• Information shown:

▬▬▬▬▬▬

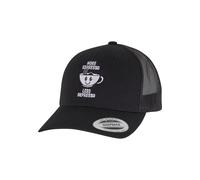 Mister Tee Casquette 'More Espresso Less Depresso' noir / blanc, Taille 55-60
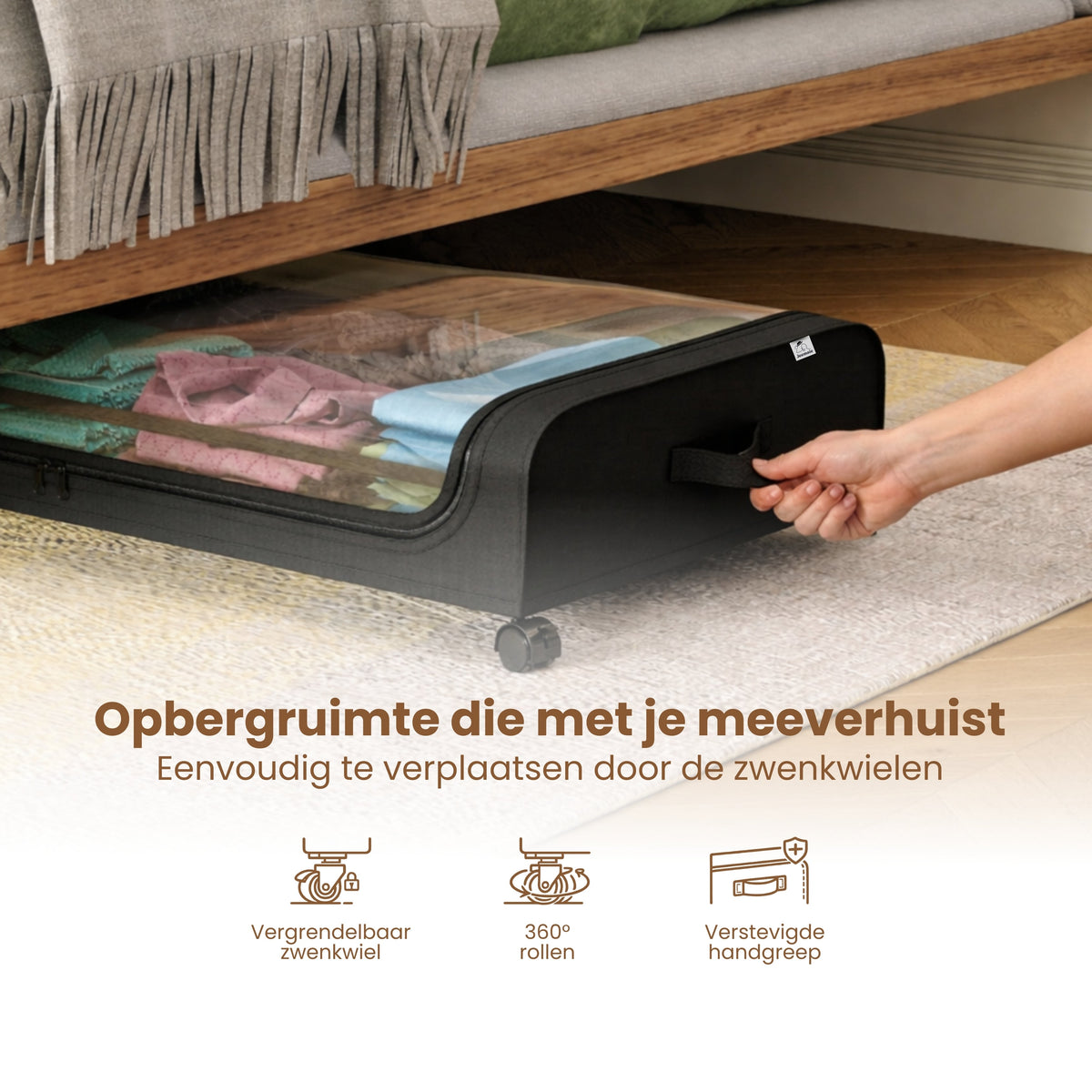 Onderbed Opbergbox met Wielen – Opbergbox Onder Bed 80x44x16 cm – Transparant & Stofvrij – Opbergbox voor Kleding, Schoenen & Beddengoed – Ruimtebesparende Bedlade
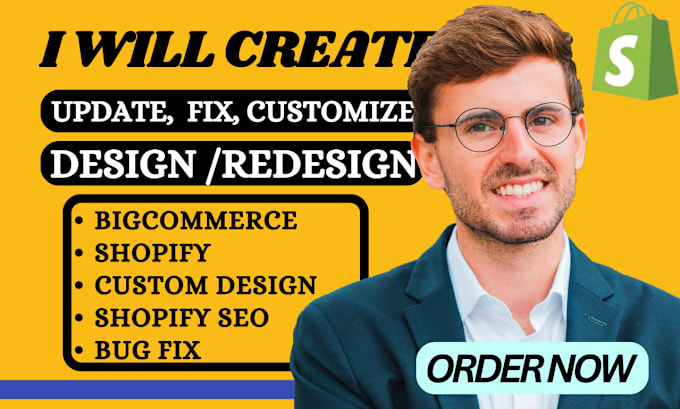 Gig Preview - Create fix customize edit shopify bigcommerce theme, store design and redesign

▬▬▬▬▬▬

• Required action: The material above must be printed exactly, with its pictures left out.

• Response to the exercise:
 Mister Tee Casquette 'More Espresso Less Depresso' noir / blanc, Taille 55-60
 Onderbed Opbergbox met Wielen – Opbergbox Onder Bed 80x44x16 cm – Transparant & Stofvrij – Opbergbox voor Kleding, Schoenen & Beddengoed – Ruimtebesparende Bedlade
 Gig Preview - Create fix customize edit shopify bigcommerce theme, store design and redesign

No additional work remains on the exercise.